Center for Global Development, a think-tank based in Washington, D.C., has warned in a recent report that debt traps created by China through BRI would increase India’s political cost to deal with such neighbouring states. The report said that eight countries including Maldives, in India’s neighbourhood, and Djibouti, which hosts the lone Chinese military base overseas, are particularly at risk of debt distress based on an identified pipeline of project lending associated with BRI.
China’s strategy to grab land in smaller, less-developed countries is simple: it gives them loans on high rates for infrastructural projects, acquires equity into projects, and when the country is unable to repay the loan, it gets ownership of the project and the land. It can put this land to strategic use against India.
Sri Lanka is an apt example. It has signed a $1.1 billion deal with China for control and development of the deep-sea port of Hambantota. A state-run Chinese company will have a 99-year lease on the port and about 15,000 acres for building an industrial zone. In the past few years, China gave Sri Lanka big loans to build infrastructure. Now, Sri Lanka is unable to repay those loans.
It is leasing out land to China to repay its loans. Part of the money it gets by leasing out the Hambantota port will go into repayment of Chinese loans. This is how China sneaks into a country on the back of costly loans.
A similar story is unfolding in Maldives too. Pakistan and Nepal, too, run the risk of falling into the Chinese debt trap.
The think tank says BRI debt traps would have larger impact too. BRI raises the risk of debt distress for 68 countries identified as potential borrowers if the programme follows Chinese practices for infrastructure financing, which often entail lending to sovereign borrowers, says the report.
BRI is planned to span at least 68 countries with an announced investment as high as $8 trillion for a vast network of transportation, energy and telecommunications infrastructure linking Europe, Africa and Asia, the report said. The programme is an infrastructure financing initiative for a large part of the global economy that will also serve key economic, foreign policy and security objectives for the Chinese government, it said.

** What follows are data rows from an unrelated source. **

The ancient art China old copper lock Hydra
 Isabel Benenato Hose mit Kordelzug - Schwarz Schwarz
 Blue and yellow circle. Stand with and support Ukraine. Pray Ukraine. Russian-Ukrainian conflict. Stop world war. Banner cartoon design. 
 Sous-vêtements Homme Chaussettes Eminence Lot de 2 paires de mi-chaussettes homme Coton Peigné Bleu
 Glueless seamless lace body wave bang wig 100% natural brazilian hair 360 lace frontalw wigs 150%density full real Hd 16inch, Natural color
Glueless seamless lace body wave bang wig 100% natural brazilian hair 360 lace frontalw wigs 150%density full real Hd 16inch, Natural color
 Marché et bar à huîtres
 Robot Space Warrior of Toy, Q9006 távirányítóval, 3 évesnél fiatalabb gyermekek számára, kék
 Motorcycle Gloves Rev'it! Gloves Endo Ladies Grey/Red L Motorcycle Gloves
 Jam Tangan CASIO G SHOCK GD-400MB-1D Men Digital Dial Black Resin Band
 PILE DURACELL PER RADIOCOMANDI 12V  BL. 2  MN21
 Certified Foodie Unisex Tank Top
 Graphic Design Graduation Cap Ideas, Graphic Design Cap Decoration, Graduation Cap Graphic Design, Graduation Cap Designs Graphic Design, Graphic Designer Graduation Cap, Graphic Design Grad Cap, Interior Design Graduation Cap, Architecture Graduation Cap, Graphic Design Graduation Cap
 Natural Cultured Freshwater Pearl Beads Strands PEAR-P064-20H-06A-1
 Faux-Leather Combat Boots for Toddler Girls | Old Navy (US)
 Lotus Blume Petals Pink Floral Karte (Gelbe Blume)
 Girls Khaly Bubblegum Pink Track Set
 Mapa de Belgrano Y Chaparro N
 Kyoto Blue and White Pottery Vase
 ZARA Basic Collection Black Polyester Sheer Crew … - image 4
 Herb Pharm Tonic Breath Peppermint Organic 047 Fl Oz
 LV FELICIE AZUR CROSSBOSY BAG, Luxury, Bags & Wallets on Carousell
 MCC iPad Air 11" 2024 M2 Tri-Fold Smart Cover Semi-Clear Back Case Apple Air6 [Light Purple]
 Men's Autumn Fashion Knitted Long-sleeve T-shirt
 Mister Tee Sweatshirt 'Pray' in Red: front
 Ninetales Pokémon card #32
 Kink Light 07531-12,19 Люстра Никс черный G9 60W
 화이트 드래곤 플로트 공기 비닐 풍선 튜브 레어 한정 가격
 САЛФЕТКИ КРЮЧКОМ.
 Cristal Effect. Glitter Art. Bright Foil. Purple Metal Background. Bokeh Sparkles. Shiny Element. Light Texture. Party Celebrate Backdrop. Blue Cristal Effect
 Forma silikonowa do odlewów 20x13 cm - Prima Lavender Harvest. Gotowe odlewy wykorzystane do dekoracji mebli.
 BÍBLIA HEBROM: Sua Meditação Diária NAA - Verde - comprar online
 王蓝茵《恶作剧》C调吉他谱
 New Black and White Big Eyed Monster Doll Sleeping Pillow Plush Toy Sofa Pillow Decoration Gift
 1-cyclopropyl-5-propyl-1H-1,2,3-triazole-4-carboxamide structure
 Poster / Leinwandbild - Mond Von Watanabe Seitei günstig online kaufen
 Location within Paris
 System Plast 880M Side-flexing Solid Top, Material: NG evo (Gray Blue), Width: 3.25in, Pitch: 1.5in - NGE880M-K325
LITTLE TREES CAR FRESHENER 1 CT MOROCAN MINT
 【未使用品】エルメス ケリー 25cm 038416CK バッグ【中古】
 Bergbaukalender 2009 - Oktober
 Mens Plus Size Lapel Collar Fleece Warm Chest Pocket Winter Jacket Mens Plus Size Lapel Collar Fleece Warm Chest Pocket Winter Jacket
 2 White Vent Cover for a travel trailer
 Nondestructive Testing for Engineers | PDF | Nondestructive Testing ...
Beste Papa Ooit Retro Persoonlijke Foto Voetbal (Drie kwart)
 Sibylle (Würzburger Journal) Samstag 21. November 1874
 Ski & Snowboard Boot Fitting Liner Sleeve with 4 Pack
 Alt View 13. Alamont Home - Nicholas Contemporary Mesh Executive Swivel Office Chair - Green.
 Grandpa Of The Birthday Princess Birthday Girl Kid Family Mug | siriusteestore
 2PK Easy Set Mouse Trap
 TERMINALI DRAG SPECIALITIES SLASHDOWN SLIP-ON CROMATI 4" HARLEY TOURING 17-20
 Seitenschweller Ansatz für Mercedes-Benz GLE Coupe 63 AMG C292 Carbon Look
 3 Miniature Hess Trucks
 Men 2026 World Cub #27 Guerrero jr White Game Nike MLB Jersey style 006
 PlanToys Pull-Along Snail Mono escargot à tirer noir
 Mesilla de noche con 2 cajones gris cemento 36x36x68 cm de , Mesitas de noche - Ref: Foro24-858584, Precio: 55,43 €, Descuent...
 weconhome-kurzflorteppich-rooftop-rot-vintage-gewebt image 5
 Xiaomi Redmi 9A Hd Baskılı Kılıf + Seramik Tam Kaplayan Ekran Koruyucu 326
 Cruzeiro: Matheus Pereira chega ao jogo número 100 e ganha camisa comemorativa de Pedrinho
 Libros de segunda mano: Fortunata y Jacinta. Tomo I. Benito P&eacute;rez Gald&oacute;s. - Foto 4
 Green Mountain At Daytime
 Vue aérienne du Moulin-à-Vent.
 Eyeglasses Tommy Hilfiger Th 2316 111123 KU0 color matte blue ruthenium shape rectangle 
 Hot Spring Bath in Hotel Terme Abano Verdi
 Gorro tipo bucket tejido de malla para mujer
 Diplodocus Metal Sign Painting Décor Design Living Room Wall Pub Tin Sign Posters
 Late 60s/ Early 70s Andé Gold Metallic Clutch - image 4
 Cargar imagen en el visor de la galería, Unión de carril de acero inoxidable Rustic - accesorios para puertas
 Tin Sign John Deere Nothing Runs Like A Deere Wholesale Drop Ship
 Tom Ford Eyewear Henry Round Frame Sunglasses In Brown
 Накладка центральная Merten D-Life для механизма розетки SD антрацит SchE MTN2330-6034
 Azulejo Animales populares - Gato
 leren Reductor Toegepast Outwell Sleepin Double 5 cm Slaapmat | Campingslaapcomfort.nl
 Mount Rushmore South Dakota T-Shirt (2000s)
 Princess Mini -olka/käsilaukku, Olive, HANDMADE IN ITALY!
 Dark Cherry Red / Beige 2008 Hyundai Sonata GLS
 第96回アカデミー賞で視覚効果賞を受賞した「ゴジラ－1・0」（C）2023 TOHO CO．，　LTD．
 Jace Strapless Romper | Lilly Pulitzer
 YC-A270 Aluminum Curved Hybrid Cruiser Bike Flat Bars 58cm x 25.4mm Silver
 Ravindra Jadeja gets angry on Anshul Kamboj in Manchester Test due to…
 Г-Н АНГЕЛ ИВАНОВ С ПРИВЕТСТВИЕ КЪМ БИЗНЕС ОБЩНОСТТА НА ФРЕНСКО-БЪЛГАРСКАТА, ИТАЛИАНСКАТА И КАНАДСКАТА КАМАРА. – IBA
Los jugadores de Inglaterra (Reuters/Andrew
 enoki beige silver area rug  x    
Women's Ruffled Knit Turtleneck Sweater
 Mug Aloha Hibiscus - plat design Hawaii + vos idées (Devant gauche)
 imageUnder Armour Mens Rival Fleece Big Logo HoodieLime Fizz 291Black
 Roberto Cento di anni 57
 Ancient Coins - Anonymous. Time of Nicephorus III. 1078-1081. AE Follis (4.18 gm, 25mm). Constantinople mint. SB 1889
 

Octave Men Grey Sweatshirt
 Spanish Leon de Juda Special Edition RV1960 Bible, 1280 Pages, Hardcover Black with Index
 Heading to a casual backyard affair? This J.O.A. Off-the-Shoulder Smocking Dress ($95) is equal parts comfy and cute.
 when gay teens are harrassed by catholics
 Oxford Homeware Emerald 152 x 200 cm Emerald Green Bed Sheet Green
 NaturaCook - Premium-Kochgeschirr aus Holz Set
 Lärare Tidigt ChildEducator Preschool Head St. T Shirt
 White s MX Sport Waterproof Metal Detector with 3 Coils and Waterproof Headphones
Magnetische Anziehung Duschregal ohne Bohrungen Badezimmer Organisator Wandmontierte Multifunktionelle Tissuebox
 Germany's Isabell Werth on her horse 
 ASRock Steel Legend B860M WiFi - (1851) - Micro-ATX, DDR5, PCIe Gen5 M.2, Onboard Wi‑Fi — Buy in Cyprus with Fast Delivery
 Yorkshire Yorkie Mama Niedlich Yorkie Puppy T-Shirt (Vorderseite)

“Yet, important questions arise on sustainable financing of the initiative within BRI countries, and how the Chinese government will position itself on debt sustainability… And when the creditor itself is a sovereign, or has official ties to a sovereign as do China’s policy banks—China Development Bank (CDB), the Export-Import Bank of China (China Exim Bank), and the Agricultural Development Bank of China (ADBC)—these challenges often affect the bilateral relationship between the two governments,” the report said.
“It remains unclear the degree to which BRI, a Chinese-led bilateral initiative that seeks to employ some multilateral mechanisms to achieve its financing goals, will be guided by multilateral standards on debt sustainability,” said the report.